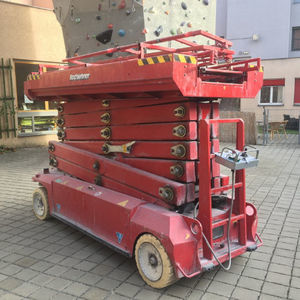 作業用昇降式プラットホーム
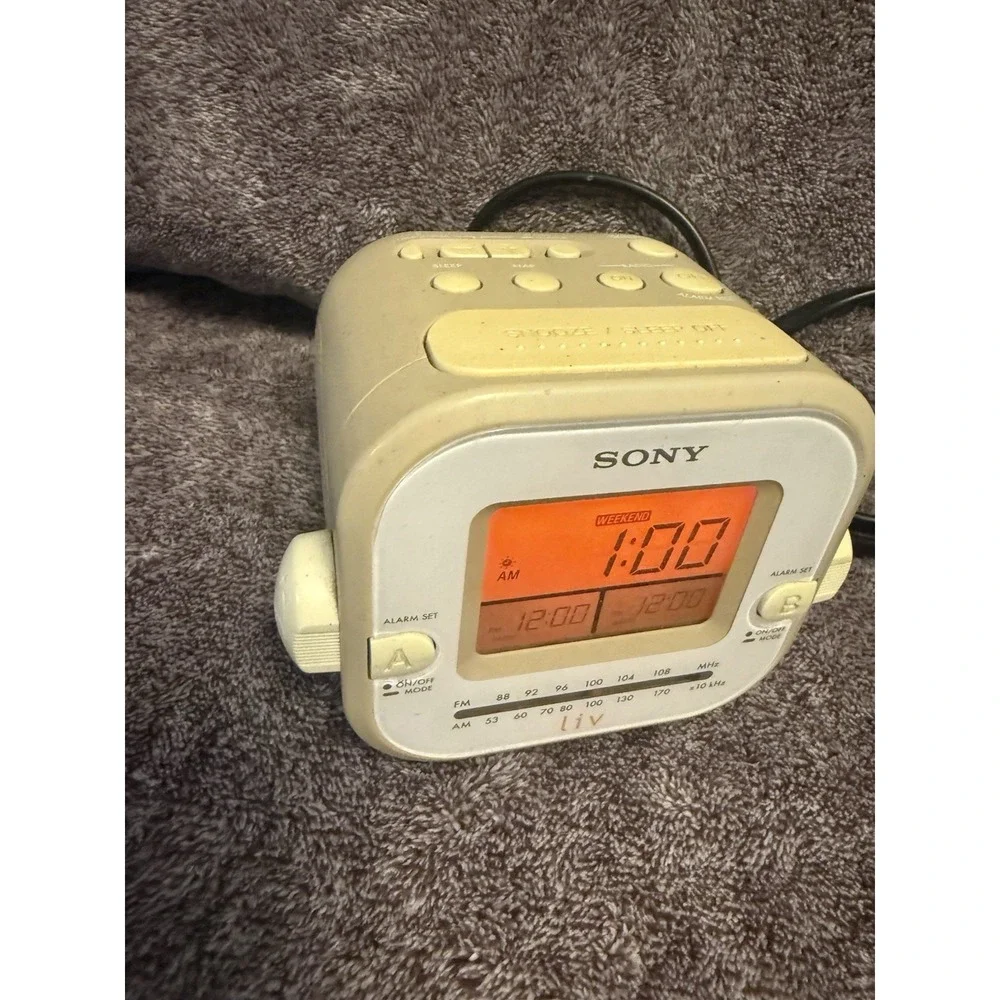 Sony icfc180 liv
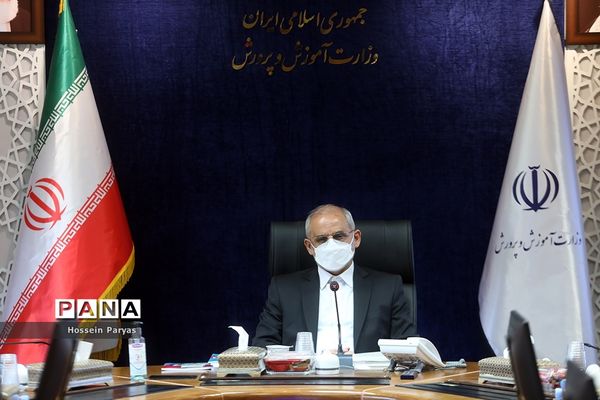 نشست هیات امنای سازمان دانش‌آموزی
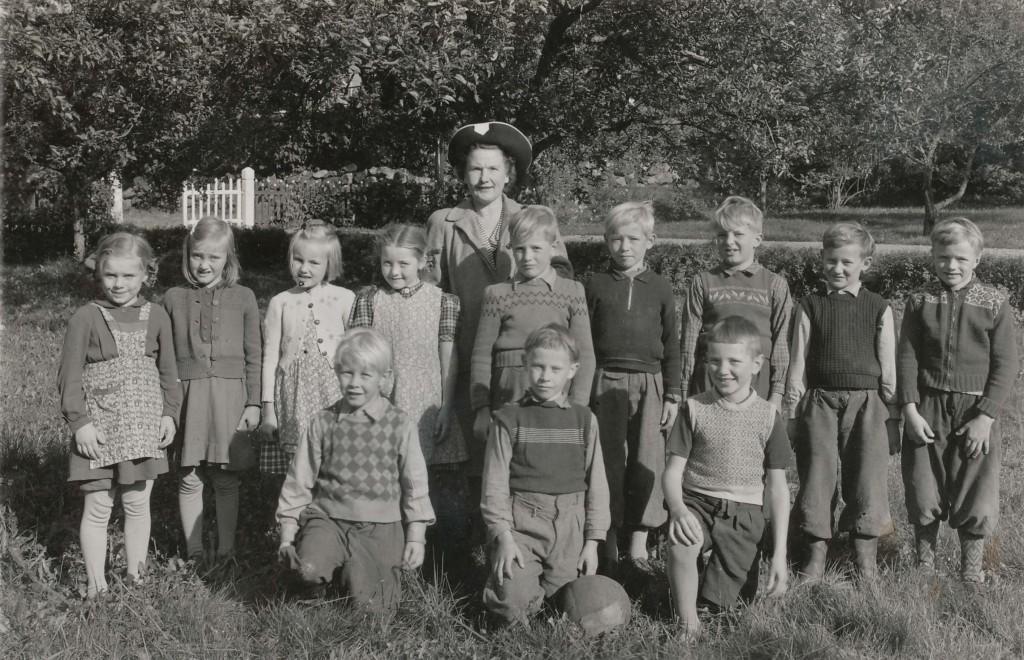 VÄSTERMO KYRKSKOLA, klass 2, 1948 Längst bak: Lärarinnan Karin Larsson Stående fr.
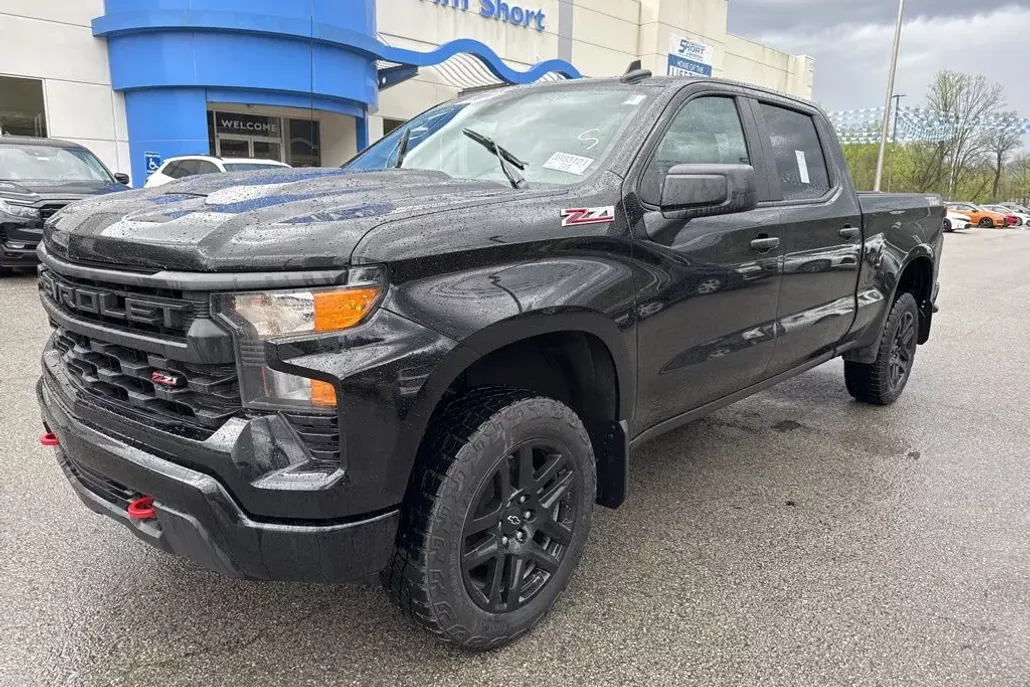 2023 Chevrolet Silverado 1500 Custom Trail Boss photo 1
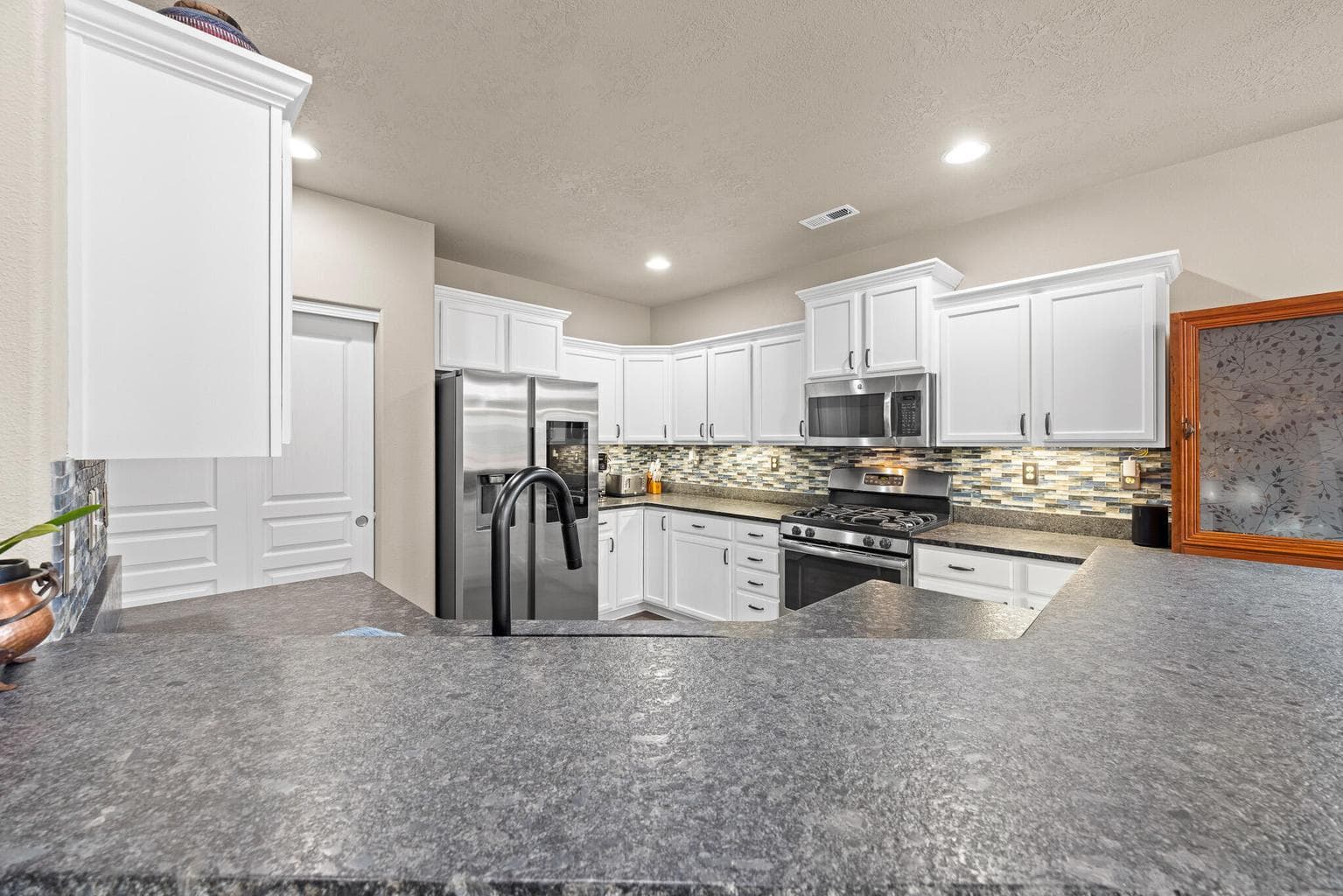 Photo of 3124 SW Cascade Avenue 7 of 38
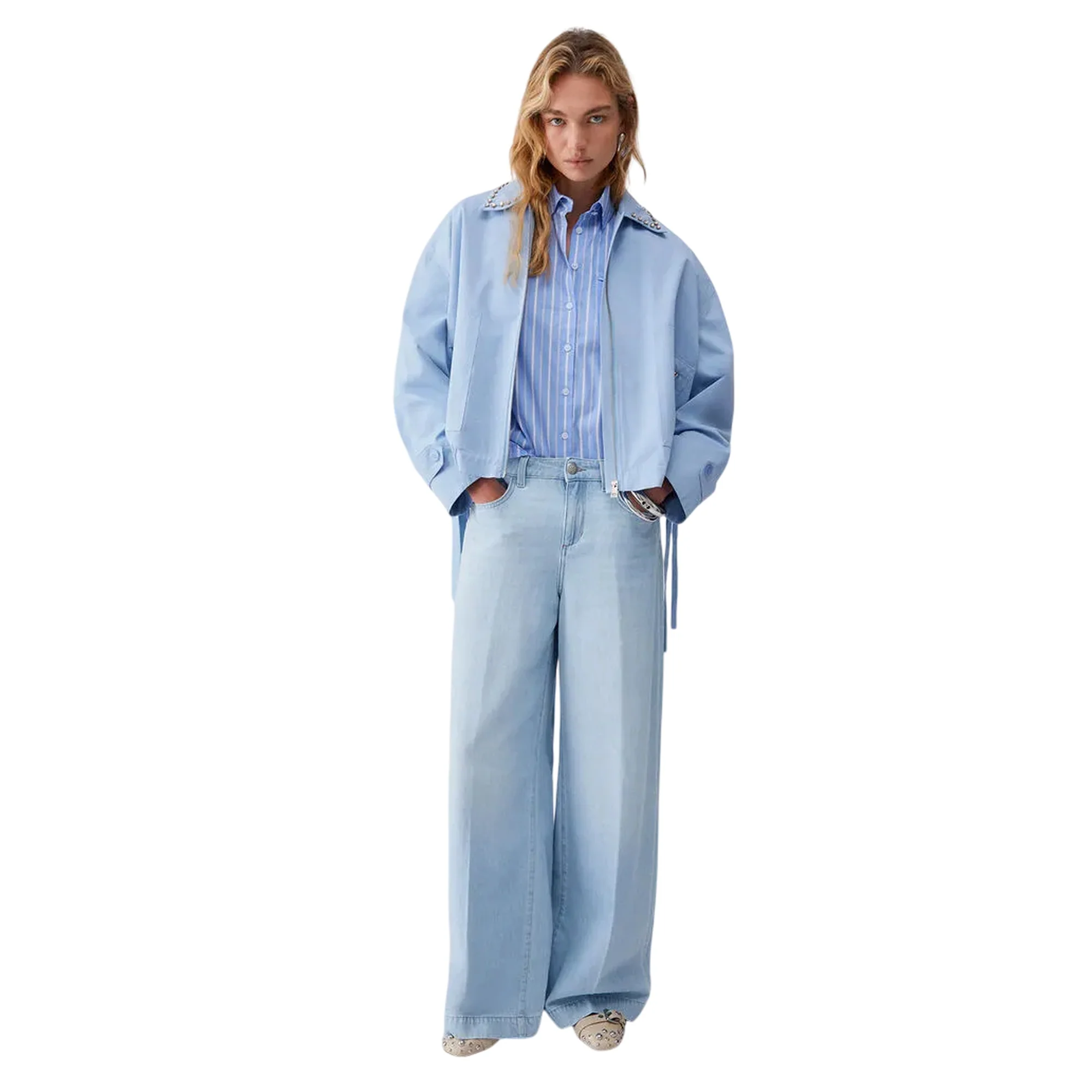 Camicia azzurra a righe con tasca sul petto - Image 6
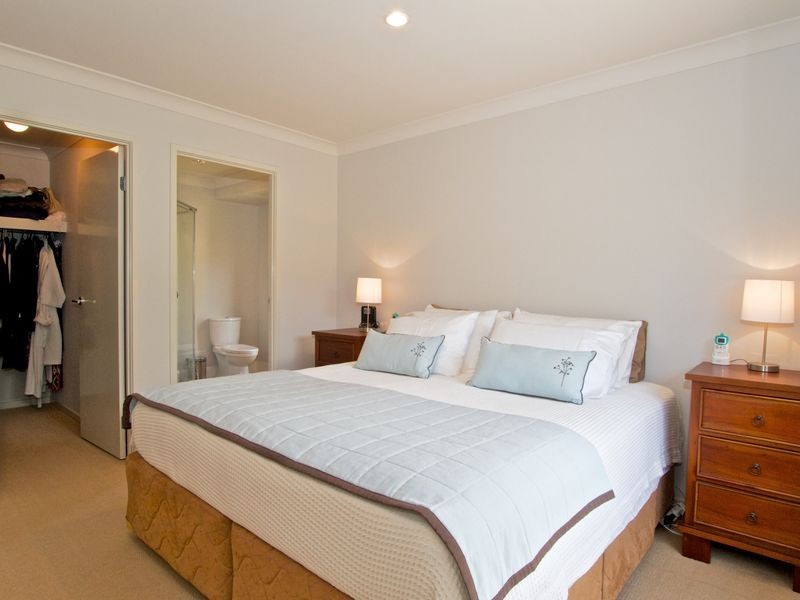 4 Patricia Court, Nerang QLD 4211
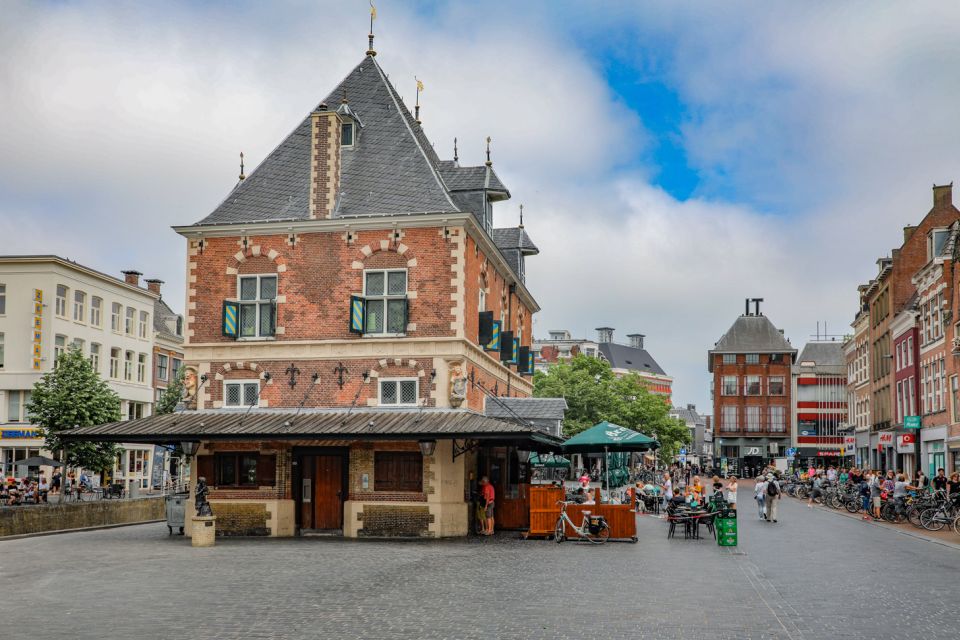 Leeuwarden: Walking Tour With Audio Guide on App - Recommended Essentials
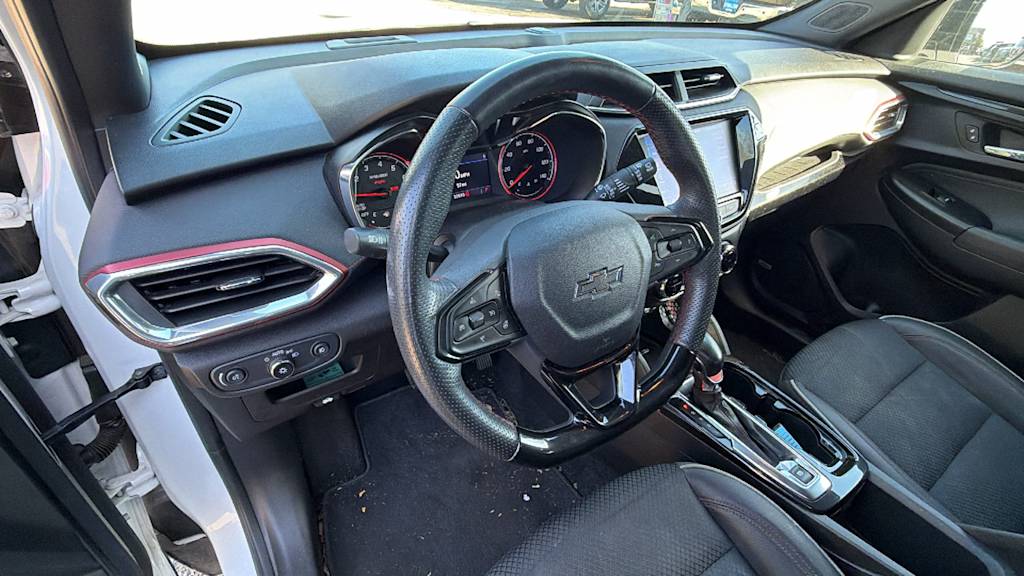 Thumbnail: 2023 Chevrolet TrailBlazer - 2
────────────────────────────────────────
Work item =>
Output all entries unchanged; skip the pictures.

Answer =>
 作業用昇降式プラットホーム
 Sony icfc180 liv
 نشست هیات امنای سازمان دانش‌آموزی
 VÄSTERMO KYRKSKOLA, klass 2, 1948 Längst bak: Lärarinnan Karin Larsson Stående fr.
 2023 Chevrolet Silverado 1500 Custom Trail Boss photo 1
 Photo of 3124 SW Cascade Avenue 7 of 38
 Camicia azzurra a righe con tasca sul petto - Image 6
 4 Patricia Court, Nerang QLD 4211
 Leeuwarden: Walking Tour With Audio Guide on App - Recommended Essentials
 Thumbnail: 2023 Chevrolet TrailBlazer - 2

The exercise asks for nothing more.